Folk + Feminism Book Club | Margaret Atwood’s Alias Grace

Folk + Feminism Book Club | Margaret Atwood’s Alias Grace

AT THE SELF-TAUGHT GENIUS GALLERY LONG ISLAND CITY, QUEENS

Criminality and handcraft coexist as the predominant themes of Margaret Atwood’s Alias Grace. The book is based on the true crime account of nineteenth-century author Susanna Moodie. Atwood constructs an imagined biography of infamous murderess Grace Marks (1828–c.1873), an Irish-born Canadian domestic servant, convicted in 1843 of murdering her employer, Thomas Kinnear, and his housekeeper, Nancy Montgomery. The novel unfolds through a series of conversations between Grace and fictional psychiatrist Dr. Simon Jordan. Sedately stitching away, Grace reveals fragments of her memories, piecing together details of her life story and alleged crime that come together like the blocks of a patchwork quilt.

In the spirit of the novel, this Folk + Feminism Book Club explores craft and crime, and memory and history, through a two-part talk inspired by the idea of the quilt as a metaphor. First, dilettante and cultural historian Sara Clugage will address the sociopolitical context of Atwood’s novel, delving into systems of gender, craft, and labor in the mid-nineteenth century. Following, New York Times bestselling novelist Kimberly McCreight will unpack the craft of psychological crime fiction, speaking to the ways that writers piece together narratives across time, merging memory and experience to bring new meaning to the present.

Please be assured that familiarity with Alias Grace is not required to attend this inaugural Folk + Feminism Book Talk.
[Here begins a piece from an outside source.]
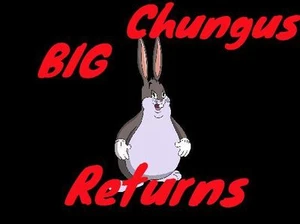 Big Chungus Returns DEMO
This program is organized in conjunction with Handstitched Worlds: The Cartography of Quilts, an exhibition prompting visitors to read quilts as maps, tracing the paths of individual stories and experiences that illuminate larger historic events and cultural trends.
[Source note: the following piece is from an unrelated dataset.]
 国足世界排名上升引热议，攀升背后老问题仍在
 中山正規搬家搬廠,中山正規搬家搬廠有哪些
Light refreshments will be served.

Please note that this program takes place on the second floor, which is accessed by stairs. For participants who require an elevator, please email stggallery@folkartmuseum.org to make arrangements in advance.

 

Sara Clugage is a dilettante. She lives and works in Brooklyn, where she is the editor-in-chief of Dilettante Army, an online publication for art and critical theory. In addition to weaving and writing, she acts as a director for the Craft Advanced Research Projects Agency (CARPA), is part of the Leadership Collective for the Wikipedia campaign Art+Feminism, and hosts a series of salon dinners themed on the artistic production models and culinary histories of diverse times and places. She holds an MA in Visual and Critical Studies from the School of the Art Institute of Chicago.

Kimberly McCreight  is the New York Times bestselling author of Reconstructing Amelia, optioned for film by HBO and Nicole Kidman’s Blossom Films; Where They Found Her; and The Outliers, a young adult trilogy. The Collide, the final book in The Outliers trilogy, was published this July. Ms. McCreight has been nominated for the Edgar, Anthony, and Alex Awards. She attended Vassar College and graduated cum laude from the University of Pennsylvania Law School. She lives in Brooklyn, New York, with her husband and two daughters.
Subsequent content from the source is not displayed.